Выбрать главу

Поэтому материалистическое понимание истории, так же как и всякую иную социологическую доктрину, следует строго отличать от истории, которая, имея дело только с установлением индивидуальных событий, уже по тому самому может установлять непосредственную причинную связь между событиями, но оставаясь только историей, не может дать им закономерного, т. е., истинно научного объяснения. Лишь отойдя от своего объекта на некоторое расстояние, при котором сливаются индивидуальные черты, превратив представления в понятия, история может установить общую закономерную связь, дать социологическое объяснение, но тогда уже она перестанет быть историей. Поэтому, между прочим, следует наперед отвергнуть тот идеал для материалистического понимания истории, по которому наука окажется когда–либо в состоянии объяснить материалистически какое–либо индивидуальное историческое событие: философию Канта, Сикстинскую Мадонну, поэзию Гёте и т. д. Для этой цели всякое социологическое учение обладаёт слишком грубыми средствами, и самая постановка этого вопроса обнаружила бы в спрашивающем полное непонимание границ социологического познания. В равной мере то же может быть сказано и о характере указаний, которые даёт социальная наука относительно житейской практики: она показывает лишь общее направление, даёт, так сказать, абстрактное указание, а конкретное, индивидуальное выполнение этого указания, — в чем именно трепещет живая жизнь, — не может быть уловлено в научную закономерность, предоставляется, так сказать, личному, ненаучному усмотрению (посредствующим звеном являются и специальные дисциплины). Человеческая деятельность, руководимая указаниями научного опыта (при свете известного идеала), есть стремление превратить частное в общее, сделать конкретное абстрактным, индивидуальное социальным. И чем шире та закономерность, понятие о которой руководит человека в его деятельности (и чем, следовательно, шире его идеалы), тем соответственно повышается градус абстрактности, но зато под тем более общей точкой зрения рассматривает свою деятельность человек. Понятно отсюда, какое значение имеет самая общая и абстрактная социальная закономерность для конкретного и индивидуального бытия человека, ибо она, в его собственных глазах, наиболее осмысливает его маленькую жизнь. Но возвратимся снова к социальному материализму.

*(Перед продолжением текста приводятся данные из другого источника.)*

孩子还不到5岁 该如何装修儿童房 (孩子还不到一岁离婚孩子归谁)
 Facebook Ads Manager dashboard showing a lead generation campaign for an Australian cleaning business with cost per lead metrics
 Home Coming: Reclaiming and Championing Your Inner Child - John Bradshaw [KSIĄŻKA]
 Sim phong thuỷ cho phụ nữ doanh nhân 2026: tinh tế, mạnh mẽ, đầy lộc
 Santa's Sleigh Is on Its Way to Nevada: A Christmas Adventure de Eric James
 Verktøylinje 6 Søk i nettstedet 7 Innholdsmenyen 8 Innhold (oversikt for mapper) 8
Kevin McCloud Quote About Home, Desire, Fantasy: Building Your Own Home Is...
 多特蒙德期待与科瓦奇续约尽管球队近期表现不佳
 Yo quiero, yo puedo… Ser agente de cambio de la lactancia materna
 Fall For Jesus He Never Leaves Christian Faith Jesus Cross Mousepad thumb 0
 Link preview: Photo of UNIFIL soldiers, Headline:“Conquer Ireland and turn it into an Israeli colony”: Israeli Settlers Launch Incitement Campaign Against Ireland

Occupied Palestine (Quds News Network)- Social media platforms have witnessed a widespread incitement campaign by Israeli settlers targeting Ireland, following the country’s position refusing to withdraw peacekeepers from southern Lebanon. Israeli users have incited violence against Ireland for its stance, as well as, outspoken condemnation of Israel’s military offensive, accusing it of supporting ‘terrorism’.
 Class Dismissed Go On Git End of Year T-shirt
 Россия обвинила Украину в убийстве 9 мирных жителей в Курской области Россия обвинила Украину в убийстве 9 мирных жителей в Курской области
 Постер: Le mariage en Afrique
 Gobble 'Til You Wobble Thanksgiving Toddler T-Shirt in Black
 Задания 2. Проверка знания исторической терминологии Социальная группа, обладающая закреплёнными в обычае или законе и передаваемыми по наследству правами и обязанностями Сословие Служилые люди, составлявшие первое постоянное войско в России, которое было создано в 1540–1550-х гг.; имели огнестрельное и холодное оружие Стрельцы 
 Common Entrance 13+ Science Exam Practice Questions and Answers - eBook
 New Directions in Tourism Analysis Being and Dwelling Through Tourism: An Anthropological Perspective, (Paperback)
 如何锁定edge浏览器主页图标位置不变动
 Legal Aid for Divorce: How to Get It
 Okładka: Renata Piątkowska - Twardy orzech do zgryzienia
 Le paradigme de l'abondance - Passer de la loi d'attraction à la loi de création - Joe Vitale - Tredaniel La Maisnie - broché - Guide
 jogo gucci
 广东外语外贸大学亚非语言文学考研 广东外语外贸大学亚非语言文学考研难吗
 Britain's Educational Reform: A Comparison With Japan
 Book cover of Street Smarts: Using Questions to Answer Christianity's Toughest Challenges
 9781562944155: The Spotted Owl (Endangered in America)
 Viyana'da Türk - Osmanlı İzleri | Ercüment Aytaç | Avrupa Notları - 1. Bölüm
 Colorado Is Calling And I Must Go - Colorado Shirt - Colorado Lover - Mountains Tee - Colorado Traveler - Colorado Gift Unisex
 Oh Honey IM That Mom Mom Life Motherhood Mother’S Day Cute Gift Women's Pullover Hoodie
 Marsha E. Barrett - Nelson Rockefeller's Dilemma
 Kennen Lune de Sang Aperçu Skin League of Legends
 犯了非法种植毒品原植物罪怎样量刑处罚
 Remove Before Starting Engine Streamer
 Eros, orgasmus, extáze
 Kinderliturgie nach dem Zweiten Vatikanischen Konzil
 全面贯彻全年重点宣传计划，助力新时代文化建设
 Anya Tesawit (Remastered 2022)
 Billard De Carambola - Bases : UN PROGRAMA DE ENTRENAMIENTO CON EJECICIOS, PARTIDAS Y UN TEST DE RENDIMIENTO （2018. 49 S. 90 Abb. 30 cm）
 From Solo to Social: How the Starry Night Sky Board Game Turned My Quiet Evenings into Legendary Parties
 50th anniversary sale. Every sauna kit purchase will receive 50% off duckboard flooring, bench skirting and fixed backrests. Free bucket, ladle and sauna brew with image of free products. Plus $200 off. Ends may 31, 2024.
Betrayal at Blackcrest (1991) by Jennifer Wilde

Для доказательства «односторонности» социального материализма указывают обыкновенно на невозможность объяснить конкретный ход исторических событий, — уже не индивидуальные события, а целые исторические течения, — одними материальными причинами. Допустим даже, что изменение в социальном способе производства действительно играет роль primus motor истории; но раз дан толчок этим изменением, оно необходимо отразится известной переменой в юридической, например, жизни, а это изменение в свою очередь отразится на экономической жизни. Таким образом, при объяснении конкретных исторических событий не миновать взаимодействия, и одними экономическими причинами нельзя объяснить всю историю. Замечу, что это возражение бьет дальше цели, ибо оно доказывает не только несостоятельность социального материализма, но и всякой другой социологической теории.

Выше было уже показано, что та координация представлений, которая объемлется понятием «социальное бытие», только в том случае может составить предмет закономерного познания, если все предыдущие и последующие состояния этого предмета соединены единой и непрерывной причинной связью: единой — потому, что, если бы мы предположили два или более рядов причинной связи, тем самым предположили бы и два или более предметов или координаций представлений: непрерывной — потому, что, предположив перерыв в течении одной причинной связи и замену её другой, мы предполагаем перерыв в бытии предмета, следовательно, уничтожаем ту связь предыдущих и последующих состояний, которую мы имели ввиду установить. Указанное возражение стремится подорвать возможность установления непрерывной причинной связи, следовательно, общего синтеза социальных явлений, т. е., социологии. Делая ничего не говорящую ссылку на исключительную будто бы «сложность» социальных явлений (истинное testimonium paupertatis), обыкновенно прибегают к объяснению «взаимодействием», не замечая, что тем самым упраздняют самый объект своей науки.